The bronze period is the beginning of a period of what Blake calls Druidism, the worshipping of death through endless war and massive human sacrifice. The period of Druidism continues not only through the bronze period, but through the following three as well.

The period in which things achieve their current shape is called the iron age or Elohim period. Human beings, in our full power are giants, and as we lose power we contract, and this contracting would annihilate us if it were not for an act of mercy that occurs at this point in the myth: the unfallen part of God creates human bodies as we know them now (the “Limit of Contraction”). He also creates the universe as we see it (the “Mundane Shell”). For Blake, this is the significance of the story of Adam and Eve.

As Frye writes, “the remaining four eras or Eyes of God are divided into twenty-eight phases or ‘Churches’ and “The first twenty of these Churches cover the remainder of the Druid period and the fourth and fifth eyes of God, Shaddai and Pachad.” These phases represent dominant civilizations that survive in the Old Testament as geneologies. The fourth eye ends with Noah and the flood. The fifth ends with the decline of human sacrifice and the period of Druidism symbolized by Abraham substituting an animal for Isaac in his sacrifice. The sixth age, or age of Jehovah, consists of the remaining Old Testament period from Abraham on, and the seventh begins with the birth of Jesus. The Churches of the Jesus period are Church Paul, Church Constantine, Church Luther which all consolidate tyranny and which degenerated into into Deism, followed by Church Milton which initiates an apocalypse that begins in earnest with the French and American revolutions.

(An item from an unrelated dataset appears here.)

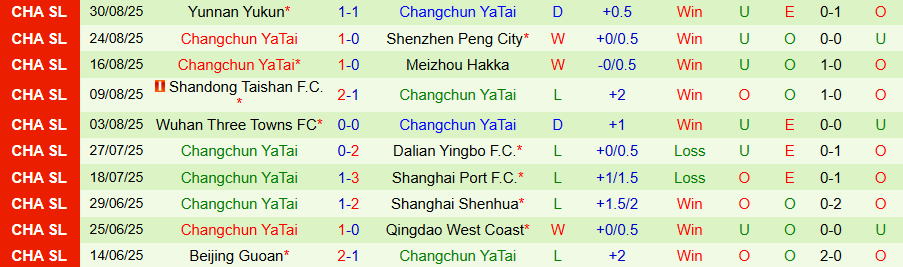Nhận định, Soi kèo Chengdu Rongcheng vs Changchun YaTai, 18h35 ngày 12/9: Khó cưỡng sức mạnh - Ảnh 4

8. The sinister symbols: Satan, Serpent, Dragon, Covering Cherub, Tree of Mystery, Great Whore

In this section Frye tackles Blake’s dense web of demonic and lower-worldly symbolism.

In the seventh age, the apocalypse begins with a return of the revolutionary energy of Orc, but opposed to this energy is a materialist tyranny represented by Satan. Frye describes Satan as the death impulse, the Selfhood, the accuser, the principle of unbelief. He is associated with rock and sand because they are not alive. But Satan too is a merciful creation in the sense that there is something worse than death, namely chaos, and non-entity is worst of all. Therefore Satan is called the “Limit of Opacity.”

Blake includes in this cluster of demonic images the serpent of the garden of Eden as well as the tree of the knowledge of good and evil which Blake calls the tree of mystery. The serpent, actually, takes a number of symbolic forms: a Satanic form that tempts Adam, an Adamic form representing fallen humanity, and a Messianic or revolutionary form, where it is nailed to the tree of mystery as Orc, representing death and rebirth. The serpent also has a Chaotic form which is more sinister than its Satanic form. In this form, it manifests as a dragon ridden by Rahab or the Great Whore (Mystery), a Covering Cherub blocking the way to Eden, or as Leviathan. This symbolism means that the basis of all tyranny is chaos.

The unfallen world is regained when the Whore and the dragon representing “all the evils of the Selfhood” are thrown into the fire and go from chaos to nonexistence.

The zodiac is a sinister symbol associated with Druidism and representing “indefinite or endless recurrence.”

Arthur is another important Blakean symbol associated confusingly with all three of Albion, Satan, and Leviathan.

9. Blake’s anatomy of poetry

Blake’s characters are vivid creations but remarkably simple. Orc, for instance, is simply a hero. He represents heroism which is not a concept or a fact but an essential imaginative form. The intellectual powers understand imaginative forms, but the corporeal understanding demands that every symbol map to a fact or concept. Blake’s poetry is difficult because it only addresses itself to the intellectual powers. The value of this method is proved by its application to the Bible which is repulsive nonsense when interpreted by the corporeal understanding, but a vision of creation, redemption, and revelation when interepreted by the intellectual powers. The same can be said of Blake’s own poetry.